SG Cowen & Co. telecom analyst Thomas Watts noted that using the 9.8 times multiple Sprint Nextel paid for Alamosa would imply an UbiquiTel acquisition price of $10.90 per share. UbiquiTel and iPCS both have December court dates regarding their claims against Sprint Nextel, which could indicate an out-of-court settlement is close at hand.

While Sprint Nextel’s plans to acquire its CDMA affiliates appears on track, the carrier continues to run into trouble with its planned acquisition of iDEN affiliate Nextel Partners Inc.
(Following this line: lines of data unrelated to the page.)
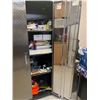 Image 2 : Metal Cabinet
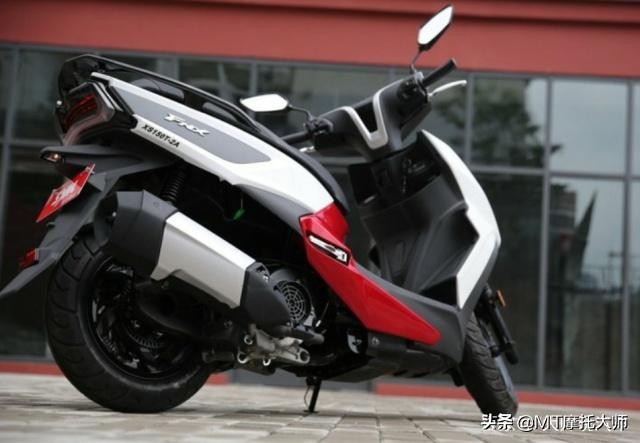 三阳fnx150新款和20款区别,新款三阳fnx150什么时候上市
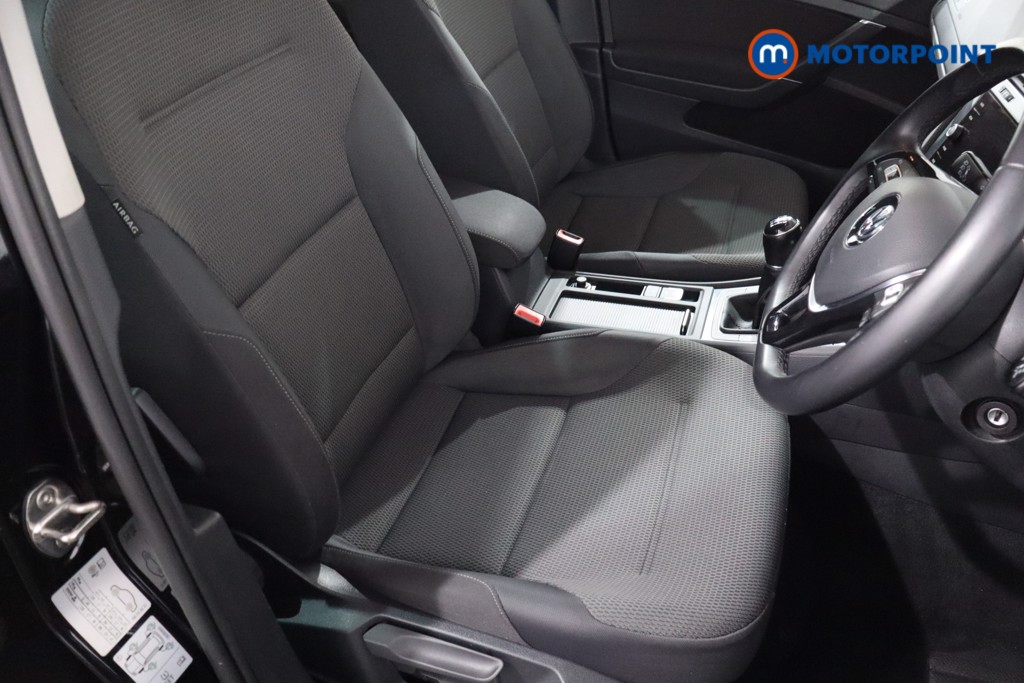 Volkswagen Golf Match Manual Petrol Hatchback - Stock Number (1585189) - 23rd supplementary image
Nextel Partners scored a significant victory on Nov. 18 when a judge ruled the carrier could disclose the results of the first two appraisers in its ongoing battle with Sprint Nextel to determine a “fair market value” price for Sprint Nextel’s forced purchase of the 68 percent of Nextel Partners it does not already own.

Nextel Partners said its original affiliate agreement required the carrier to disclose the appraisal results once they were done. The appraisals, which are being conducted by Nextel Partners’ choice of Morgan Stanley & Co. and Sprint Nextel’s choice of Lazard Ltd., are set to be completed by Dec. 28. If the two appraisals are more than 10 percent apart, a third appraiser will be tapped to provide a final valuation.
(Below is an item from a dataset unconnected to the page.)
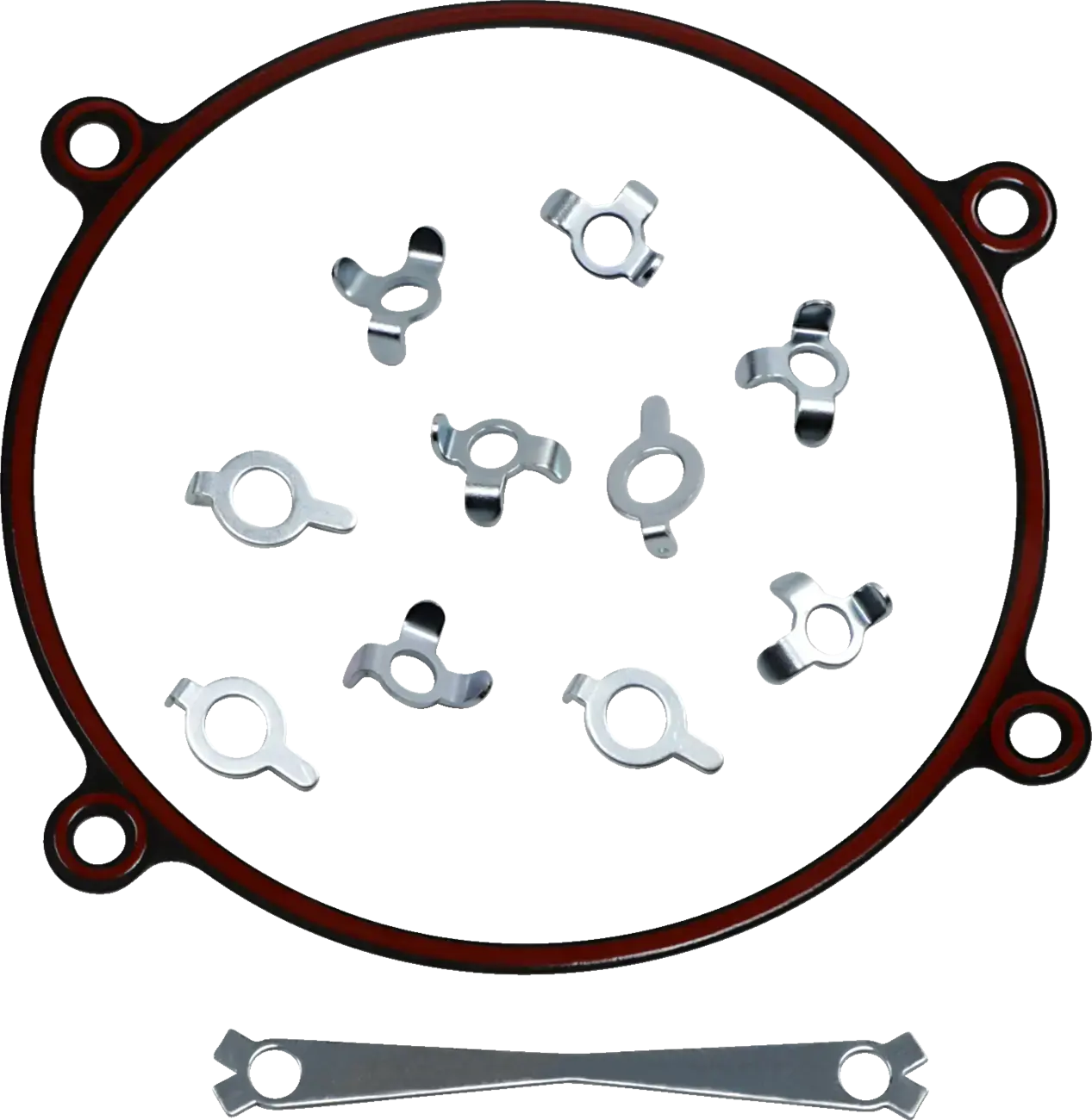 Защита картера JAMES GASKET KT 84-06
Sprint Nextel had claimed that the findings of the third appraiser would be tainted by the release of the first two appraisals. Nextel Partners countered that all three appraisals should be conducted at the same time in order to avoid any contamination.

Nextel Partners also noted that the Delaware court agreed with the affiliate’s interpretation of how the fair market value should be determined. Nextel Partners has said that its affiliate agreement calls for a fair market valuation to discount any negative impact the carrier’s use of iDEN technology or non-congruent spectrum would have on determining the company’s value.

Sprint Nextel had claimed that Nextel Partners’ technology and spectrum position make it attractive only to Sprint Nextel as an acquisition target.

“In sum, Partners advocates an approach to fair market value that would require the appraisers to value a fantasy company, using fantasy prices, in a fantasy technological and competitive environment, under a definition of fair market value that exists only in Partners’ fantasies,” Sprint Nextel noted in its pre-trial filing.

Nextel Partners has said the final valuation should be determined by early February. Nextel Partners’ stock is trading at around $26 per share with a market capitalization of more than $7 billion.